You know that distinctive smell that comes with every new car? Well, it turns out ovens have their own version of the "new car smell," but it isn't something you really want to be living with. According to CNET, new ovens often have uncured binding agents in the insulation, protective oil residues, and even the occasional forgotten zip tie, that if not taken care of will add some distinctly un-homely odors, and potentially even smoke, to your first few attempts at dinner. And unless you spent your childhood downwind of a chemical factory, that's not a meal you will enjoy.

Fortunately however, there's an easy solution. Start by making sure you've removed all the zip ties and packing material that might be in your oven, then wash the inside surfaces and racks to remove any unwanted oils or manufacturing residues. Next open some windows, and turn on your kitchen hood if you have one, then set your oven to the highest temperature it will allow and let it run for half an hour. When the time is up, let it cool, then wipe it out one more time. In stubborn cases you may need to repeat this procedure more than once, but if you want your food to taste as good as your shiny new food factory looks, it's worth taking the time to do it right. As it turns out, this burn out procedure is also good for removing that new car smell...which would be great if it didn't remove the rest of the car at the same time.

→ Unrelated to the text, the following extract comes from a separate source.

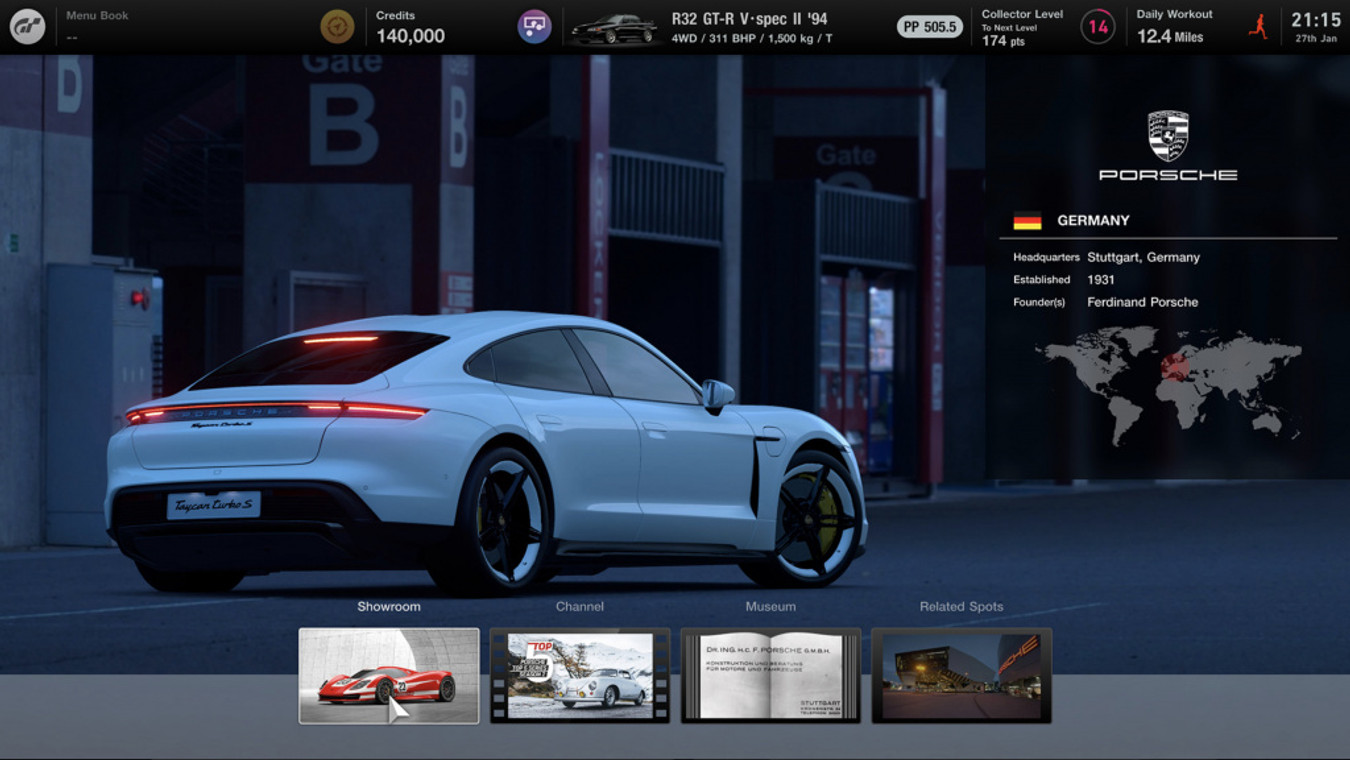 All Gran Turismo 7 Car Dealerships and details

Open the oven door when broiling

There are many important decisions we have to make in life: like, what do I study at college? Who should I date? Or even, vanilla or chocolate? But the one decision you don't now have to make is do I broil with the oven door open, or closed, because that question at least has a clear answer.

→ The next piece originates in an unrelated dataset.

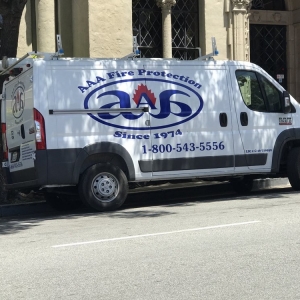 Photo of AAA Fire Protection Services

Broilers are great because they are like an indoor all-weather grill, and when used correctly they give your food a delicious brown crust — but do it wrong and your food will just be dry and overcooked. And according to Kitchn, the best choice for brown and delicious is door open. That's because if you keep the door closed, the moisture in the oven can't escape, but instead builds up along with the heat. This not only inhibits crust formation, but speeds the cooking, since by trapping the heat the oven acts like, well, an oven, and cooks the food from all sides. If you open the door however, the moisture and excess heat escape, giving the broiler more time to brown the outside before the inside gets overcooked. And that's great, because if you wanted your food dry and overcooked you could just use a microwave.

The bottom drawer is for warming, not storing.

It's great that ovens come with a convenient little storage drawer at the bottom, a place to put all your baking trays and pans that doesn't require a lot of searching when you're in the middle of screwing up a recipe. Unfortunately, despite its convenience as a place to get your oven pans stuck, storage might not be what that little drawer is for.

According to Real Simple that drawer might have a secret least to you and me anyway. The truth is that the space you've been shoving your pans in might actually be a warming drawer. The way to tell if you do have a warming drawer is either to look in the manual, or even look for a warning label on the drawer itself to warn against trying to actually cook food in there, because that's a bad idea. A warming drawer exists to help you keep cooked food warm until you're ready to serve it. Manufacturers know that sometimes you're cooking more food than will fit in your oven in one go. So to help you out they sometimes give you a place to put the already cooked food to stay warm while you finish up the rest.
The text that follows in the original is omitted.